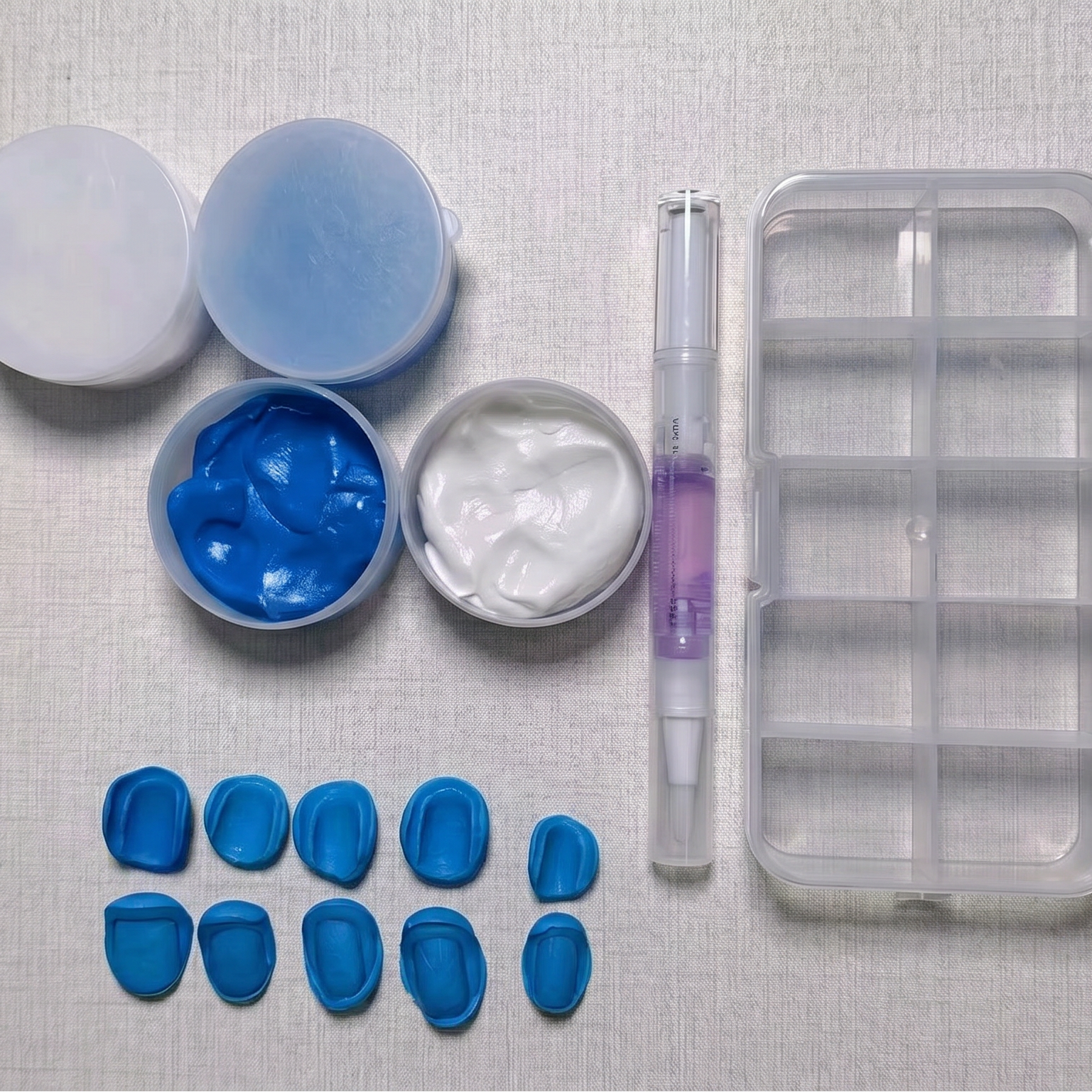 Collection of press on nails mold kit tools and materials including blue impression material, a tray, and other components on a textured surface.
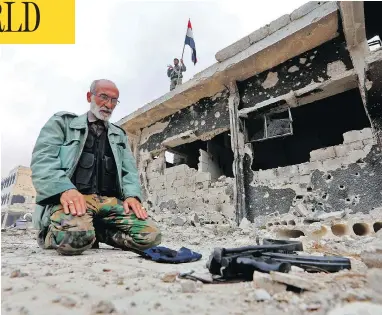  ?? LOUAI BESHARA / AFP / GETTY IMAGES ?? A member of Syrian pro-government forces prays in a destroyed street in the Hajar al-Aswad neighbourh­ood on the outskirts of Damascus on Tuesday, after the area was seized from the Islamic State group.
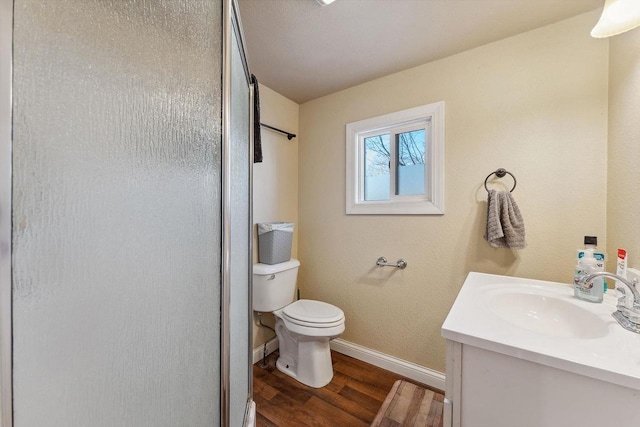 bathroom featuring a shower with shower door, wood-type flooring, toilet, and vanity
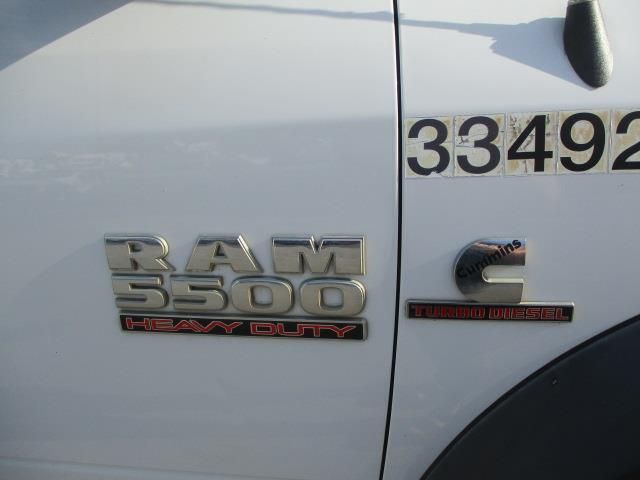 The side of a white ram 5500 heavy duty truck
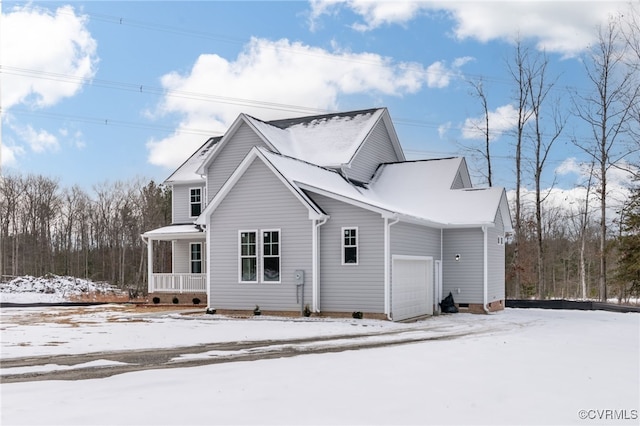 exterior space with covered porch and a garage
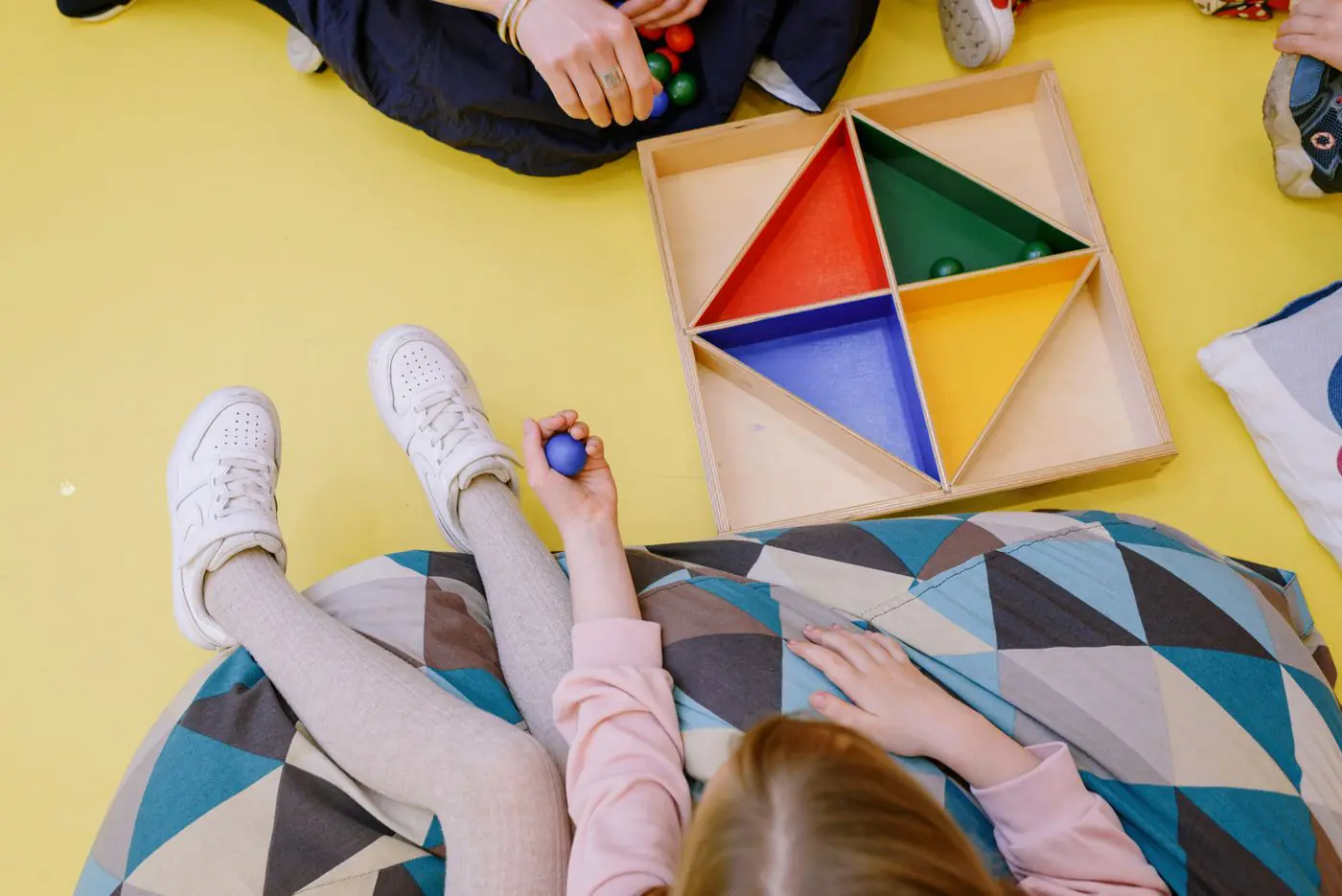 Children engaging in play with colorful wooden toys on a bright indoor setting.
_ _ _
§ **WHAT IS REQUIRED**
Give again, unchanged, only the lines from the line containing "The side of" to the last line of the records above. Pictures do not belong in the copy.

§ **WRITTEN ANSWER**
 The side of a white ram 5500 heavy duty truck
 exterior space with covered porch and a garage
 Children engaging in play with colorful wooden toys on a bright indoor setting.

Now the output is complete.